Exercise goal: Return the lines of the material below exactly, beginning with the line that has "Susanne Kaufmann Day" in it and finishing with the line that has "2329 Clover Ridge" in it. Leave all pictures aside.

Available data:
------------

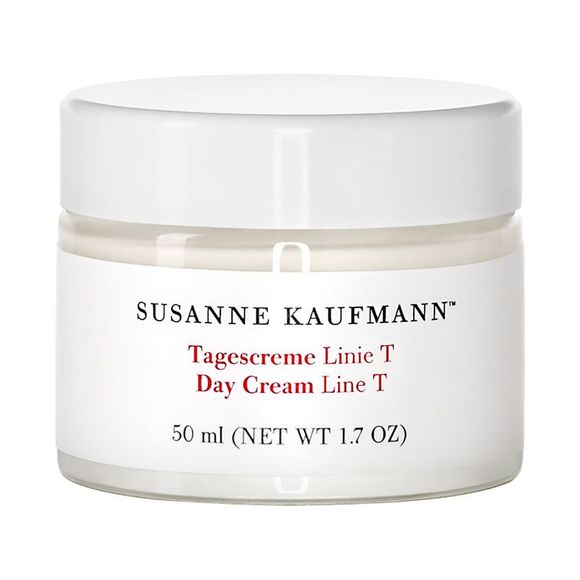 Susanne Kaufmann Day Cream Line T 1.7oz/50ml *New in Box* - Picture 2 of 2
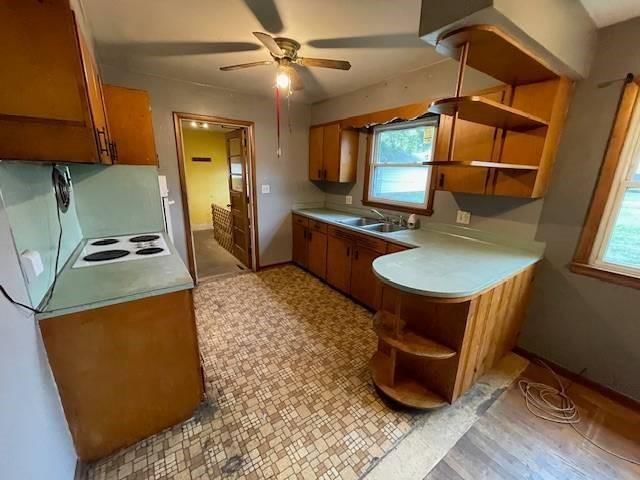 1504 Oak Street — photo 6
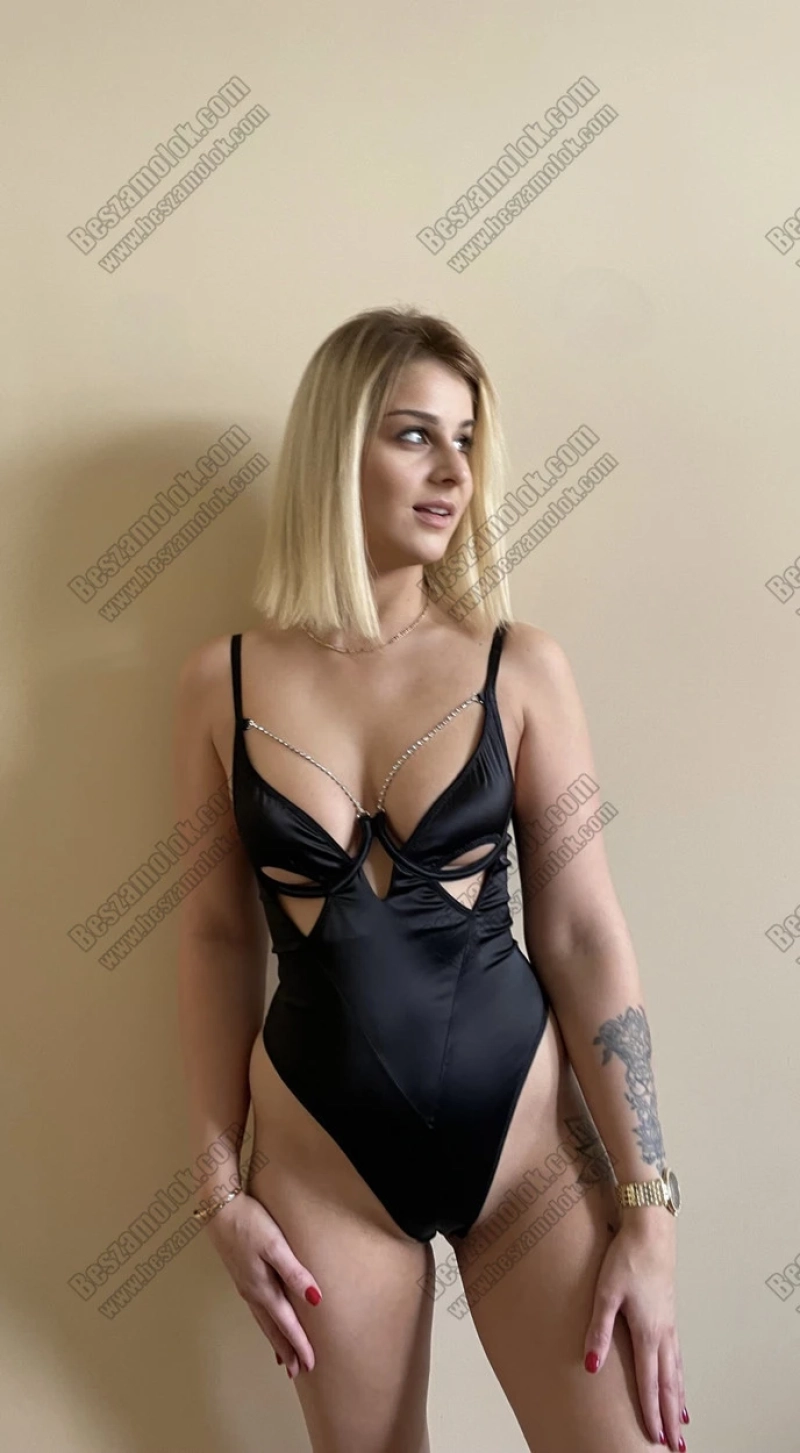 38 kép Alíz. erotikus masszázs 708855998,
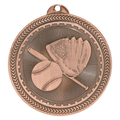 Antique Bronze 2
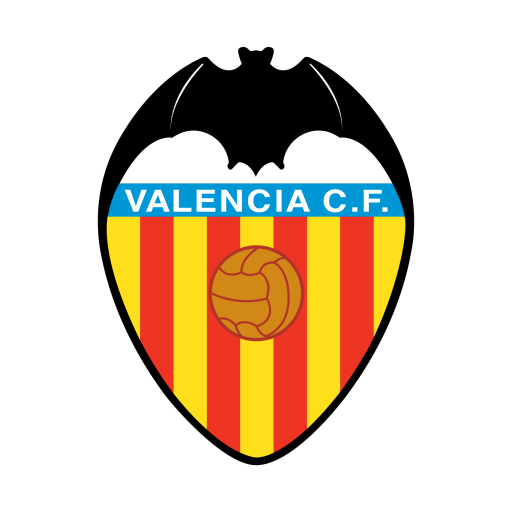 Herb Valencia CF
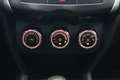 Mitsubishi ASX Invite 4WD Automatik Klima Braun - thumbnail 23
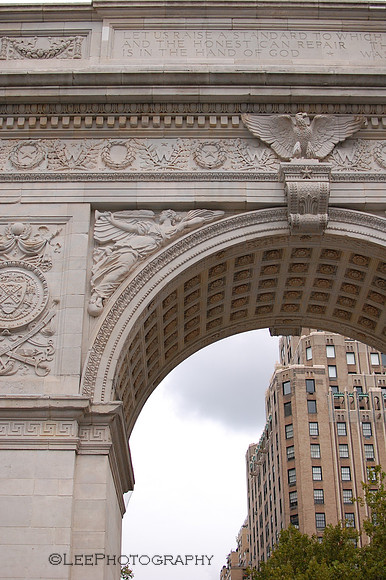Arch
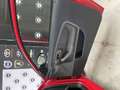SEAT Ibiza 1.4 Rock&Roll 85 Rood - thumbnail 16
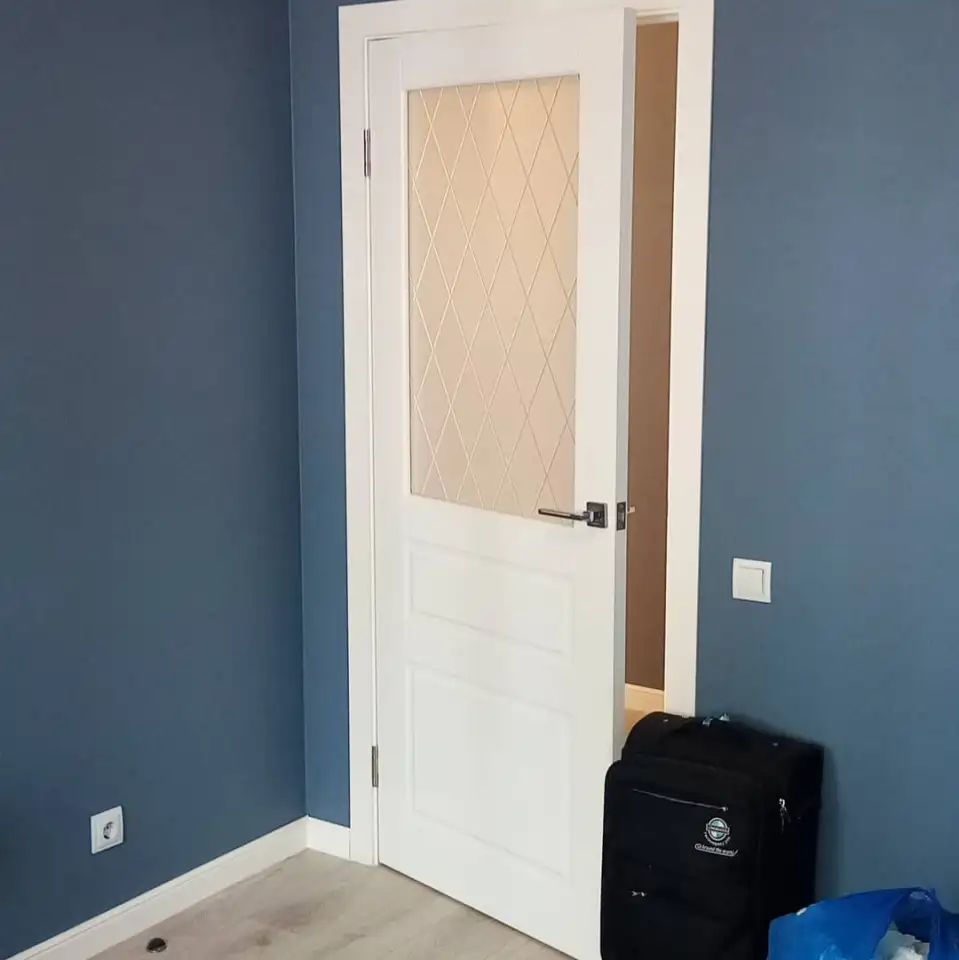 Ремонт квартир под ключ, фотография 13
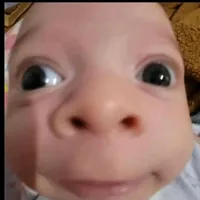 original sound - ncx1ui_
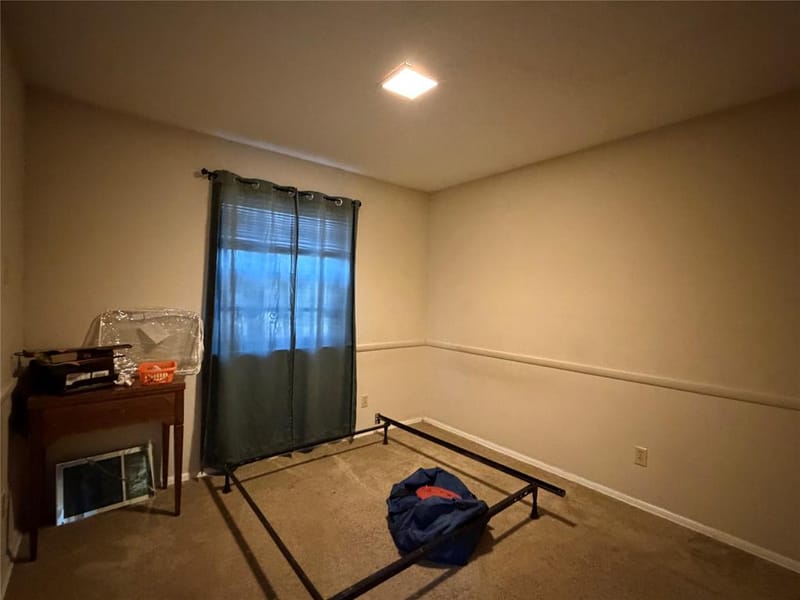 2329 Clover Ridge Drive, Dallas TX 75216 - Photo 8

------------

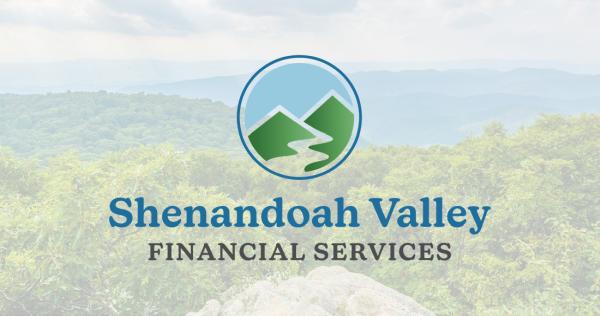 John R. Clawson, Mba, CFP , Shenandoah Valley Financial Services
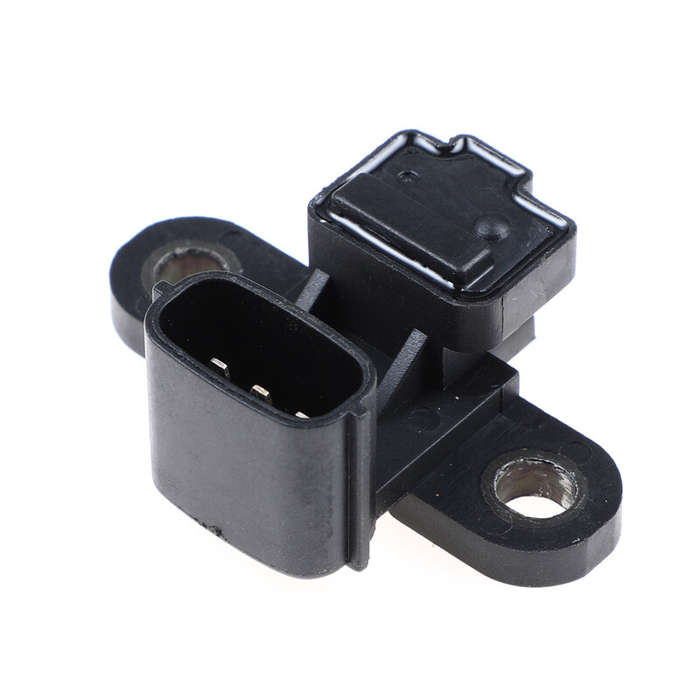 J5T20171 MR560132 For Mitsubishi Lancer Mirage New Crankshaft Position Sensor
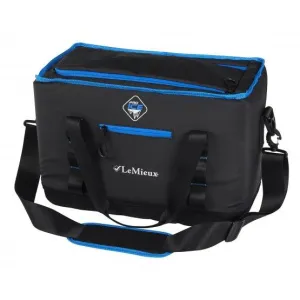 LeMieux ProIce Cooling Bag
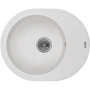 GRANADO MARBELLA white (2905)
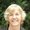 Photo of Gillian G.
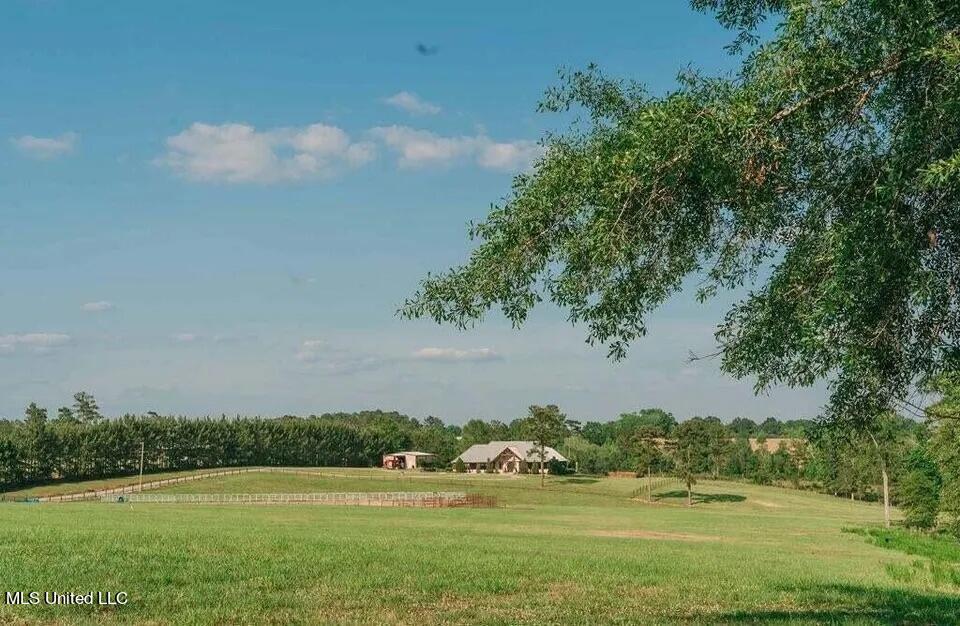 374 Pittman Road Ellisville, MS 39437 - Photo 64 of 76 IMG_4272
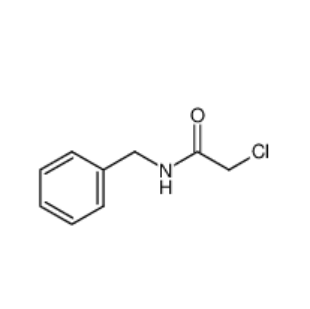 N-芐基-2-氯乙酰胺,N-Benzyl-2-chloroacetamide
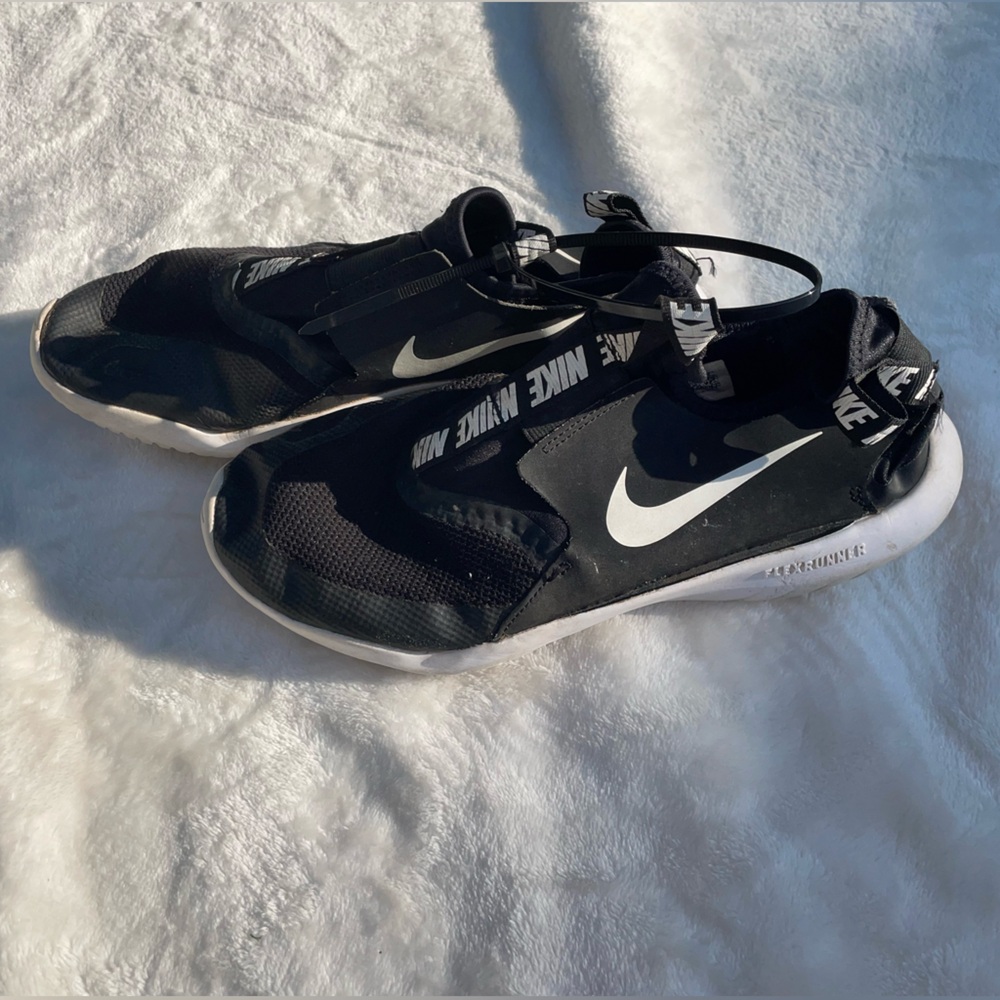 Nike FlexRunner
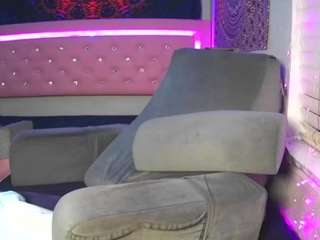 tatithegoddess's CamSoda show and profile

------------

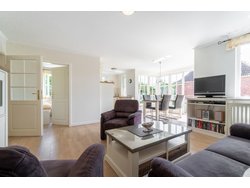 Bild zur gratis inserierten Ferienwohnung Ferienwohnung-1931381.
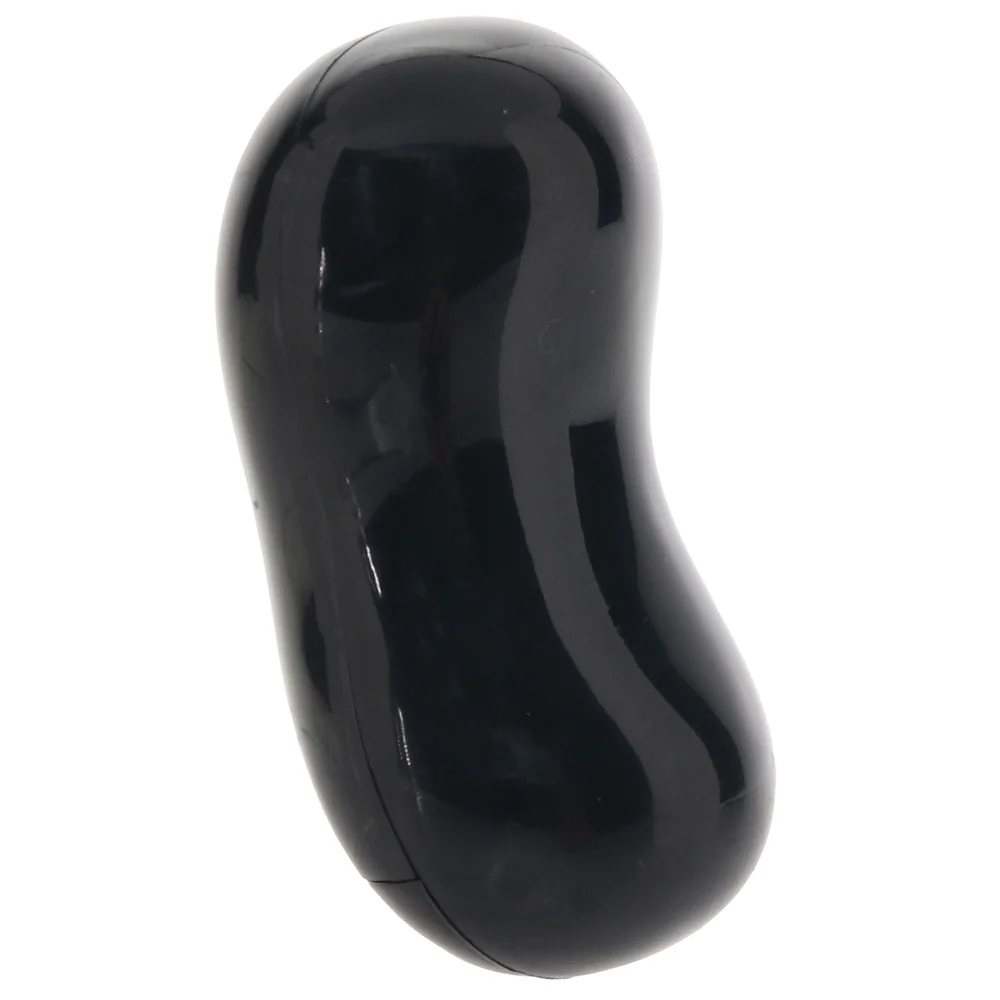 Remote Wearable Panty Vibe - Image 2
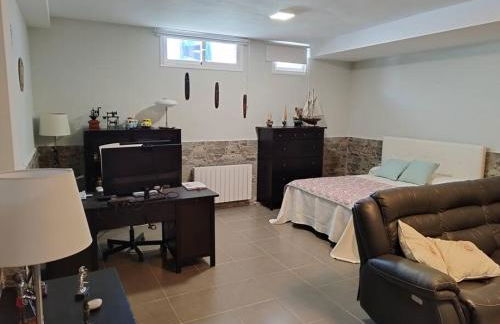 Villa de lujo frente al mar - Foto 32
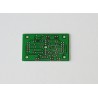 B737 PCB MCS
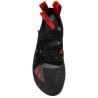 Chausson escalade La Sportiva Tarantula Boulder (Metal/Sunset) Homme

------------

Task result:
 Susanne Kaufmann Day Cream Line T 1.7oz/50ml *New in Box* - Picture 2 of 2
 1504 Oak Street — photo 6
 38 kép Alíz. erotikus masszázs 708855998,
 Antique Bronze 2
 Herb Valencia CF
 Mitsubishi ASX Invite 4WD Automatik Klima Braun - thumbnail 23
Arch
SEAT Ibiza 1.4 Rock&Roll 85 Rood - thumbnail 16
 Ремонт квартир под ключ, фотография 13
 original sound - ncx1ui_
 2329 Clover Ridge Drive, Dallas TX 75216 - Photo 8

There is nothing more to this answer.